1. 1263-w-94
2. 1263w94
3. 5,6-dichloro-2-(isopropylamino)-1-beta-l-ribofuranosylbenzimidazole
4. Benzimidavir
5. Bw 1263w94
6. Bw-1263w94
7. Gw 1263
8. Gw 257406x
9. Gw-1263
10. Gw-257406x
11. Gw257406x
1. 176161-24-3
2. Benzimidavir
3. 1263w94
4. Livtencity
5. (2s,3s,4r,5s)-2-(5,6-dichloro-2-(isopropylamino)-1h-benzo[d]imidazol-1-yl)-5-(hydroxymethyl)tetrahydrofuran-3,4-diol
6. Camvia
7. Bw-1263w94
8. Gw-257406x
9. Gw-1263
10. Ptb4x93he1
11. (2s,3s,4r,5s)-2-[5,6-dichloro-2-(propan-2-ylamino)benzimidazol-1-yl]-5-(hydroxymethyl)oxolane-3,4-diol
12. 5,6-dichloro-2-(isopropylamino)-1-beta-l-ribofuranosyl-1h-benzimidazole
13. 1263-w-94
14. Gw257406x
15. G1263
16. Maribavir [usan]
17. Unii-ptb4x93he1
18. Maribavir [usan:inn:ban]
19. Camvia(tm)
20. Camvia (tn)
21. Bw 1263w94
22. Maribavir [inn]
23. Maribavir (usan/inn)
24. Maribavir [who-dd]
25. Schembl791309
26. Chembl515408
27. Gtpl12049
28. Dtxsid60170091
29. Zinc3824412
30. Bw1263w94
31. 5,6-dichloro-2-(isopropylamino)-1-(beta-l-ribofuranosyl)-1h-benzimidazole
32. Akos015962194
33. Db06234
34. Gw 1263
35. Gw 257406x
36. 5,6-dichloro-n-(1-methylethyl)-1-beta-l-ribofuranosyl-1h-benzimidazol-2-amine
37. Ncgc00378559-03
38. Ac-22286
39. As-49903
40. Hy-16305
41. Vp-41263
42. D04859
43. O10059
44. Q6762512
45. Maribavir (1263w94, Benzimidazole D-ribose Derivative)

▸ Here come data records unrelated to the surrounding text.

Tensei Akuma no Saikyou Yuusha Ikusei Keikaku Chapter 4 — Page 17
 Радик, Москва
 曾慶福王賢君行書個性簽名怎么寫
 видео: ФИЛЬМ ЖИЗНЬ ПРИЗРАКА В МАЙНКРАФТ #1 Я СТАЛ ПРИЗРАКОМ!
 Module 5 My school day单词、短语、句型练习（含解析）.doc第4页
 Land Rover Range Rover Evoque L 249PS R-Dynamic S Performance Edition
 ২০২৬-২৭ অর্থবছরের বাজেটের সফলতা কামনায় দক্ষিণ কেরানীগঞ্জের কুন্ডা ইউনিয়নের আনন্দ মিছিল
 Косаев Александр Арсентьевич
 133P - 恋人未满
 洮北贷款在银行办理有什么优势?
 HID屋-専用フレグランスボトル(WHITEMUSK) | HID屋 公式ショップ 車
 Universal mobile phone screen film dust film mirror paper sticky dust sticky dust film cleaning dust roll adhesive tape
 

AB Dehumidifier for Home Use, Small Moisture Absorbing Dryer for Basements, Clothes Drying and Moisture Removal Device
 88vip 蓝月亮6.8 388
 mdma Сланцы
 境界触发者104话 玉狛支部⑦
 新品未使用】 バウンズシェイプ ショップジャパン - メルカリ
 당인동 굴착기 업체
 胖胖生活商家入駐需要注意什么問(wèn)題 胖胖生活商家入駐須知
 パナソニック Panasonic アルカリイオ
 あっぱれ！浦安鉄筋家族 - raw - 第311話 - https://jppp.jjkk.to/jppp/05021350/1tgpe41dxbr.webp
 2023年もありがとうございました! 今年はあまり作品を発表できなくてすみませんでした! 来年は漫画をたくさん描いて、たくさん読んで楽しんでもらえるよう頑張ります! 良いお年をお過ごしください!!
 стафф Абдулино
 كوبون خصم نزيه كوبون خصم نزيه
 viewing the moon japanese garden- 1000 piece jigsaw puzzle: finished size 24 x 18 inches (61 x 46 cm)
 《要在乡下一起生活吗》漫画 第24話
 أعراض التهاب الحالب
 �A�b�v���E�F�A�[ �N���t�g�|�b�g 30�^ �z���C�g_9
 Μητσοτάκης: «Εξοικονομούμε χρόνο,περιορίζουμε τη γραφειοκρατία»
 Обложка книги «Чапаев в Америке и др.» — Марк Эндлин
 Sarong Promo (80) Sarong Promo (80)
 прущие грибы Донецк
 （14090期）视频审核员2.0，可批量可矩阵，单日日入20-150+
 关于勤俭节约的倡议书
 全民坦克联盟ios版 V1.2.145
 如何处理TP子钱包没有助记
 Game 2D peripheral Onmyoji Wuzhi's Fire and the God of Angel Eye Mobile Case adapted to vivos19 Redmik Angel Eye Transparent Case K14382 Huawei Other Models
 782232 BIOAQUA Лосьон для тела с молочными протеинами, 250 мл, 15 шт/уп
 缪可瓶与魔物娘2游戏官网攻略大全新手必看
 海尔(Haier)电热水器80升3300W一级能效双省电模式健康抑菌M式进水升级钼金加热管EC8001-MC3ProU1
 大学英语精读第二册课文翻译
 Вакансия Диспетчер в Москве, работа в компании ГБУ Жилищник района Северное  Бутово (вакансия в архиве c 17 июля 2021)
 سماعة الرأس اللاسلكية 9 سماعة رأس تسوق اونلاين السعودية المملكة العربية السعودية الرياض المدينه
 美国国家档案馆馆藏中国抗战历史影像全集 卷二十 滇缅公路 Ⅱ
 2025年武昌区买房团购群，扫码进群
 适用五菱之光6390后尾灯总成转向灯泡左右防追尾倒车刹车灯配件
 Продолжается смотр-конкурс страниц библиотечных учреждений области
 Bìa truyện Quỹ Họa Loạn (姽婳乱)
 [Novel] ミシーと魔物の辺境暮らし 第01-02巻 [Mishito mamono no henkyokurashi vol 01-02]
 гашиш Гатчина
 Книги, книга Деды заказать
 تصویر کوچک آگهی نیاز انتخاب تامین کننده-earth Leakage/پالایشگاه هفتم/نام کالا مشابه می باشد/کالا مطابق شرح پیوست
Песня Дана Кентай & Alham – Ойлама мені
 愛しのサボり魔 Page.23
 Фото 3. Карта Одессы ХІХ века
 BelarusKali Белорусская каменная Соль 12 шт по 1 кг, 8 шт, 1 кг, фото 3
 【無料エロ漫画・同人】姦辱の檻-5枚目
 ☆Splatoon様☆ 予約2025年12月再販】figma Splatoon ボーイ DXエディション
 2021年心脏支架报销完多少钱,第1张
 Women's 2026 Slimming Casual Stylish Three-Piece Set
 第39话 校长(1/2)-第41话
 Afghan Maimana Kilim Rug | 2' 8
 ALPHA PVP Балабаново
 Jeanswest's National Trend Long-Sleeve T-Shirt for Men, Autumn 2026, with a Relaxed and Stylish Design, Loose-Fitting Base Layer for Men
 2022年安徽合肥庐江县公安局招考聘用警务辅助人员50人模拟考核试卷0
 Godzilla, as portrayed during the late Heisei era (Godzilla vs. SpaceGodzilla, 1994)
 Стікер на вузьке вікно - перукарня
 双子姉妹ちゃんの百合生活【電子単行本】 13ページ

46. 5,6-dichloro-2-(isopropylamino)-1-beta-l-ribofuranosylbenzimidazole
47. 5,6-dichloro-2-(isopropylamino)-1-(.beta.-l-ribofuranosyl)benzimidazole
48. 5,6-dichloro-2-isopropylamino-1-(beta-l-ribofuranosyl)-1h-benzimidazole
49. 1h-benzimidazol-2-amine, 5,6-dichloro-n-(1-methylethyl)-1-.beta.-l-ribofuranosyl-
50. 1h-benzimidazol-2-amine, 5,6-dichloro-n-(1-methylethyl)-1-beta-l-ribofuranosyl-
51. 5,6-dichloro-2-(isopropylamino)-1-.beta.-l-ribofuranosylbenzimidazole
52. 5,6-dichloro-n-(1-methylethyl)-1-.beta.-l-ribofuranosyl-1h-benzimidazol-2-amine
53. (2s,3s,4r,5s)-2-(5,6-dichloro-2-(isopropylamino)-1h-benzo[d]-imidazol-1-yl)-5-(hydroxymethyl)tetrahydrofuran-3,4-diol
54. (2s,3s,4r,5s)-2-[5,6-dichloro-2-(isopropylamino)benzimidazol-1-yl]-5-(hydroxymethyl)tetrahydrofuran-3,4-diol
Molecular Weight | 376.2 g/mol |
---|---|
Molecular Formula | C15H19Cl2N3O4 |
XLogP3 | 2.2 |
Hydrogen Bond Donor Count | 4 |
Hydrogen Bond Acceptor Count | 6 |
Rotatable Bond Count | 4 |
Exact Mass | 375.0752615 g/mol |
Monoisotopic Mass | 375.0752615 g/mol |
Topological Polar Surface Area | 99.8 Ų |
Heavy Atom Count | 24 |
Formal Charge | 0 |
Complexity | 447 |
Isotope Atom Count | 0 |
Defined Atom Stereocenter Count | 4 |
Undefined Atom Stereocenter Count | 0 |
Defined Bond Stereocenter Count | 0 |
Undefined Bond Stereocenter Count | 0 |
Covalently Bonded Unit Count | 1 |
Maribavir is indicated for the treatment of adult and pediatric patients (weighing >35kg and at least 12 years old) with post-transplant cytomegalovirus (CMV) infection which is refractory to standard treatment with [ganciclovir], [valganciclovir], [cidofovir], or [foscarnet].
Cytomegaloviral disease
Treatment of cytomegalovirus (CMV) infection
Maribavir exerts its antiviral efficacy via an alternative target as compared to traditional CMV antivirals and is thus useful in the treatment of CMV infections that have proven resistant to standard therapy. Maribavir should not be used concomitantly with ganciclovir or valganciclovir, as these molecules both require activation via CMV pUL97 in order to exert their antiviral effect. Taking them alongside maribavir - an inhibitor of this same kinase - will therefore significantly reduce their antiviral activity.
Antiviral Agents
Agents used in the prophylaxis or therapy of VIRUS DISEASES. Some of the ways they may act include preventing viral replication by inhibiting viral DNA polymerase; binding to specific cell-surface receptors and inhibiting viral penetration or uncoating; inhibiting viral protein synthesis; or blocking late stages of virus assembly. (See all compounds classified as Antiviral Agents.)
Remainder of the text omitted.